From: Martin Thomson <martin.thomson@gmail.com>
Date: Mon, 24 Feb 2014 11:39:42 -0800
Message-ID: <CABkgnnUnQOaOS16adDwBASk40OCuDCW+2aKE1KS2GkLc1RMO_w@mail.gmail.com>
To: Cory Benfield <cory@lukasa.co.uk>
Cc: Kazu Yamamoto <kazu@iij.ad.jp>, "ietf-http-wg@w3.org" <ietf-http-wg@w3.org>
On 24 February 2014 00:48, Cory Benfield <cory@lukasa.co.uk> wrote:
> My understanding is that you pad any HEADERS or CONTINUATION frame out
> to some implementation-defined size, preventing an attacker from
> telling how large the compressed header block actually is. For
> instance, if I chose 100 bytes, I would take any compressed header
> block and split it into 100 byte chunks, and then pad the last frame
> out to 100 bytes.

Almost.  Padding is a sharp tool.

An attacker that controls part of the plaintext can still force you to
reveal information by counting the chunks.

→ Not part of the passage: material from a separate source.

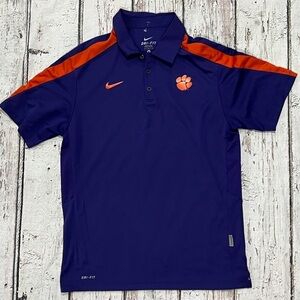 Clemson University Tigers NCAA College Polo Golf Niek Dri - Fit Shirt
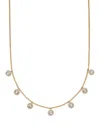 Kiki Mcdonough 18kt Yellow Gold Grace Diamond Necklace In Gold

However, here's an example that might* not leak information.  Say you
have a secret in a header field.  That secret is fixed size
originally, but consequently variably compressed (e.g., Huffman).  You
might want to allow for compression of the remaining fields, but then
pad to account for the specific effect of compression on that field.

* Never take my word for anything in this regard.  And who knows what
else you are leaking as a result.  For example, the conditionals you
execute in assembling this information result in different computation
times, providing an attacker with timing information that might reveal
something despite your best effort to avoid the leak.